» **Task item**:
Every line with "Chevrolet" in it must be copied from the data.

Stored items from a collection
((

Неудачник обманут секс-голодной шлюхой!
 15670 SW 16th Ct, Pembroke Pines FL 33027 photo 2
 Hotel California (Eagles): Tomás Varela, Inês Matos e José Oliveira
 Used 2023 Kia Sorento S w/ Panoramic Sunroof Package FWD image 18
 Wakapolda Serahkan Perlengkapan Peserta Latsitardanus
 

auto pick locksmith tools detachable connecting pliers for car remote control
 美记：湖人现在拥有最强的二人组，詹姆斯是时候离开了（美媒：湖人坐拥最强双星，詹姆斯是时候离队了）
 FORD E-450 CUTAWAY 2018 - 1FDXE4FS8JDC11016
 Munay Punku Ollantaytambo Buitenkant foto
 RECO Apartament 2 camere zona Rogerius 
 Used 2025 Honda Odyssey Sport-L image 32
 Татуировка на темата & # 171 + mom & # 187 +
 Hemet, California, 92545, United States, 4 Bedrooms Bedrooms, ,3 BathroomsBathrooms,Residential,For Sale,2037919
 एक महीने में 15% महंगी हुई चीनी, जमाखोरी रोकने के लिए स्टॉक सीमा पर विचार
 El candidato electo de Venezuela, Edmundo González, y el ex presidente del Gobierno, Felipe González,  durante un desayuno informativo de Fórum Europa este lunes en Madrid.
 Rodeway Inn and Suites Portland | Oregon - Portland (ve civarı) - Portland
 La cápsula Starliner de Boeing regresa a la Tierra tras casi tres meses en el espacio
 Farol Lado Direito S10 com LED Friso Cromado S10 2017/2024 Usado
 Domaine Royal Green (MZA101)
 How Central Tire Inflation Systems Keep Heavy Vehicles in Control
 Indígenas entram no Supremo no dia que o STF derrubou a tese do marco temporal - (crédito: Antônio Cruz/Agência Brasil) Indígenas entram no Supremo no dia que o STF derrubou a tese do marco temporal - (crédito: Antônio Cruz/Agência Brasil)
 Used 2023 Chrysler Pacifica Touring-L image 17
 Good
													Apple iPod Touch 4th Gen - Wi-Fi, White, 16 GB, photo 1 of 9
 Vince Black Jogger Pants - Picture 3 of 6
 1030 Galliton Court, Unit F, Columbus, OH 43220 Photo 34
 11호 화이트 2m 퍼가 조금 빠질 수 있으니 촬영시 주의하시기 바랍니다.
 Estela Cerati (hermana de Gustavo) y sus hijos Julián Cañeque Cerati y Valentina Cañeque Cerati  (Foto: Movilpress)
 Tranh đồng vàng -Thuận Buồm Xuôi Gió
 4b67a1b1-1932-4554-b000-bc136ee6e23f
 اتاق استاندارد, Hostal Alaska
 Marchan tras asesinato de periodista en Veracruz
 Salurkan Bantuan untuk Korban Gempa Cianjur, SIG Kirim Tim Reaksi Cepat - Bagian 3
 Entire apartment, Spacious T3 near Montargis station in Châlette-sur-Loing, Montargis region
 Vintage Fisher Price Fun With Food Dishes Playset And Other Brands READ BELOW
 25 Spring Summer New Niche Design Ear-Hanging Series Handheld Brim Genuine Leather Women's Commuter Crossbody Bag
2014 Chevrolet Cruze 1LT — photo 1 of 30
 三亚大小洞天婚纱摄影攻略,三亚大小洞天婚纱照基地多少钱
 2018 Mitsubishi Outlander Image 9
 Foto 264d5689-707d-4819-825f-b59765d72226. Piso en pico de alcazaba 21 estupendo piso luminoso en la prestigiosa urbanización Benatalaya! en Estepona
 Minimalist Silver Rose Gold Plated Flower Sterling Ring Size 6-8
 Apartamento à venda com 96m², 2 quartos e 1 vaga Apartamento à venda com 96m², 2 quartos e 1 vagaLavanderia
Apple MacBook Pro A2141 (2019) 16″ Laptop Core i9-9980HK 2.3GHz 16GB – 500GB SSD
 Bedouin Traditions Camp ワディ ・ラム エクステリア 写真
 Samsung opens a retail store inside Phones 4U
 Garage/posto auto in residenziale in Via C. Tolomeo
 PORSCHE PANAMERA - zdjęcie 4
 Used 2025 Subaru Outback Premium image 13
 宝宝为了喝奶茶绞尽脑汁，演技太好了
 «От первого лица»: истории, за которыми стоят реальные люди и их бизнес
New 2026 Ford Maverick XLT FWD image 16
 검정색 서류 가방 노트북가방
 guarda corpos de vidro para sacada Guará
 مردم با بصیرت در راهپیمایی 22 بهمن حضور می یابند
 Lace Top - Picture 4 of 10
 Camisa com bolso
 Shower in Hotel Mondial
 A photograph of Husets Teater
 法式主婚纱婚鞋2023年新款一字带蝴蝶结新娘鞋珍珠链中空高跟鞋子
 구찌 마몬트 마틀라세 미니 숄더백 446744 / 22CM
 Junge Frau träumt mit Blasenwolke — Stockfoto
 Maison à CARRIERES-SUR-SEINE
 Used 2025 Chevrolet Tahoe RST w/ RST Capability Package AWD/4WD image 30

))

» **Response to this exercise**:
2014 Chevrolet Cruze 1LT — photo 1 of 30
 Used 2025 Chevrolet Tahoe RST w/ RST Capability Package AWD/4WD image 30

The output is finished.